HÜKÜM : Açıklanan gerekçesine istinaden davacıların davasının esastan REDDİNE,

HMK'nın 49. maddesi uyarınca her bir davacıdan takdiren 500,00 TL disiplin para cezasının tahsiliyle Hazine'ye irad kaydına,

Peşin harcın mahsubu ile başkaca harç alınmasına yer olmadığına, kararın kesinleşmesi ve istem halinde bakiye 999,45 TL harcın davacı yana iadesine,

Davada her bir davacı bakımından istenen maddi ve manevi tazminat tutarları ile davanın mahiyeti gözetilerek, Av. Asg.
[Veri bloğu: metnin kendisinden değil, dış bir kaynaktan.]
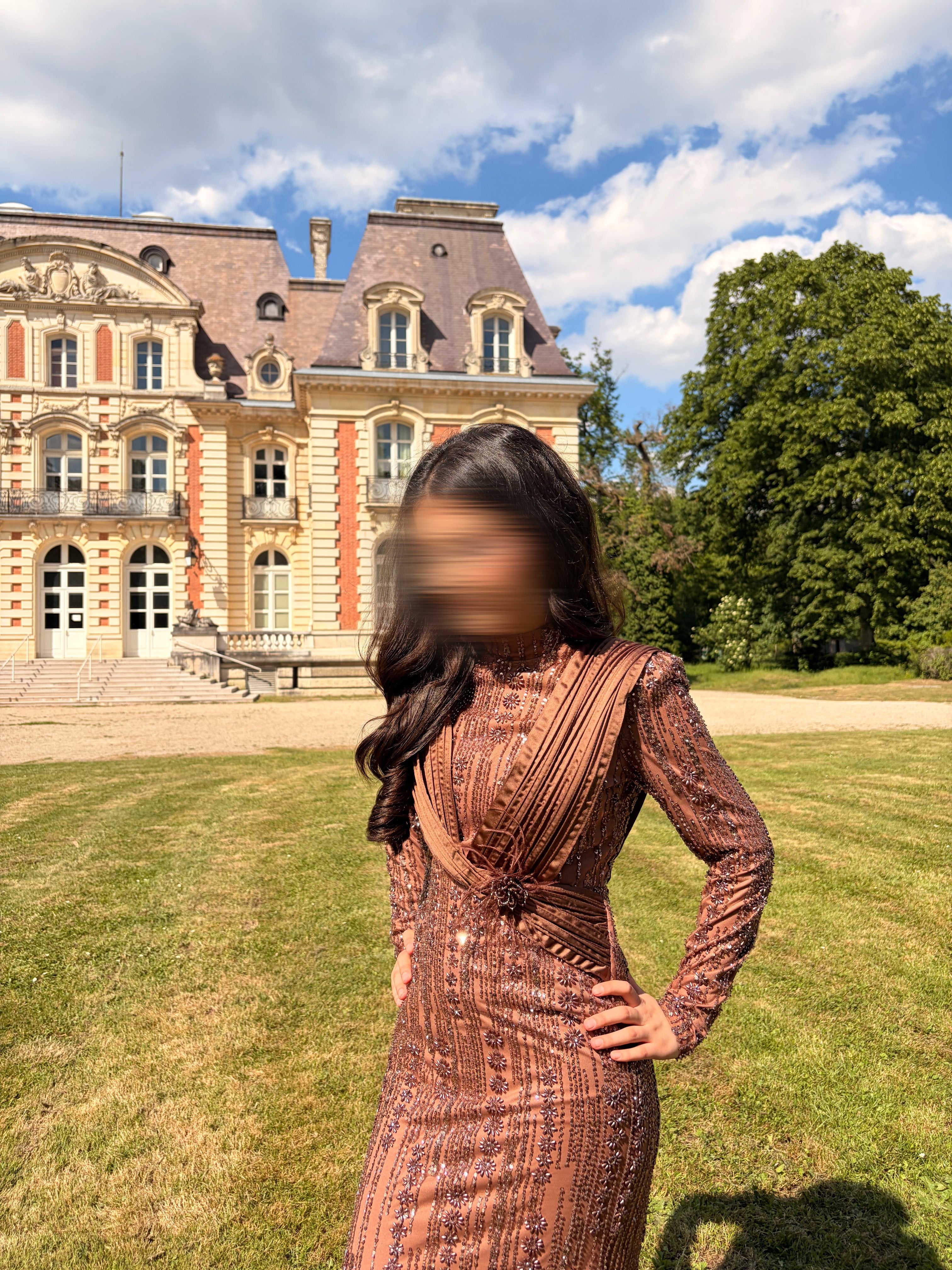 Robe de Soirée Marron Scintillante avec Broche Fleurie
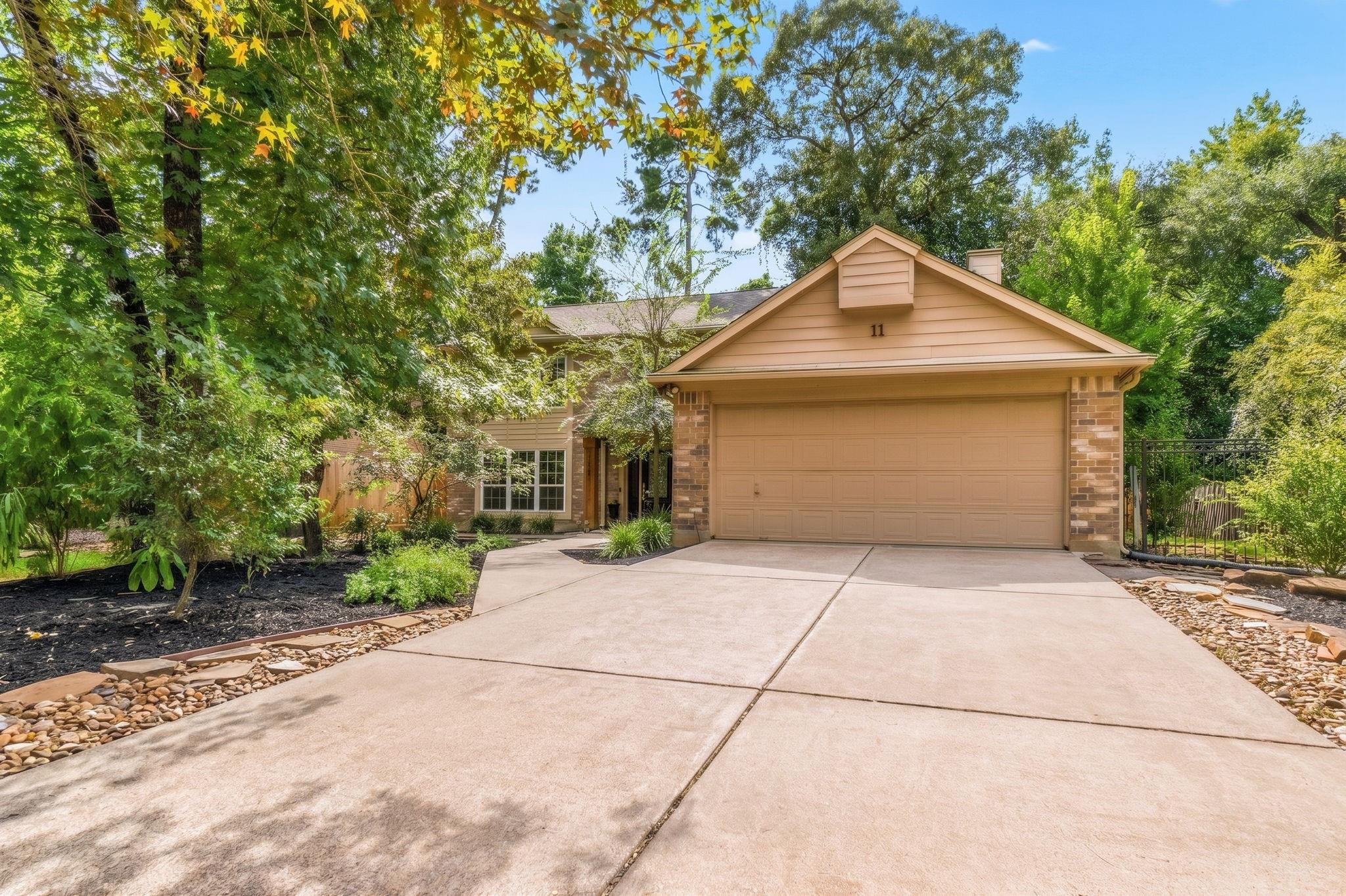11 Thorn Berry Place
Ücret Tarifesi'nin 12. ve 10. maddeleri uyarınca, her bir davacıdan 6.000'er TL olmak üzere toplam 12.000 TL vekalet ücretinin davacılardan tahsili ile davalıya verilmesine,

Yargılama giderlerinin davacılar üzerinde bırakılmasına, karar tebliği için gereken 27,00 TL düşüldükten sonra bakiye kalan 339,00 TL gider avansının kararın kesinleşmesi ve istem halinde davacılara iadesine,”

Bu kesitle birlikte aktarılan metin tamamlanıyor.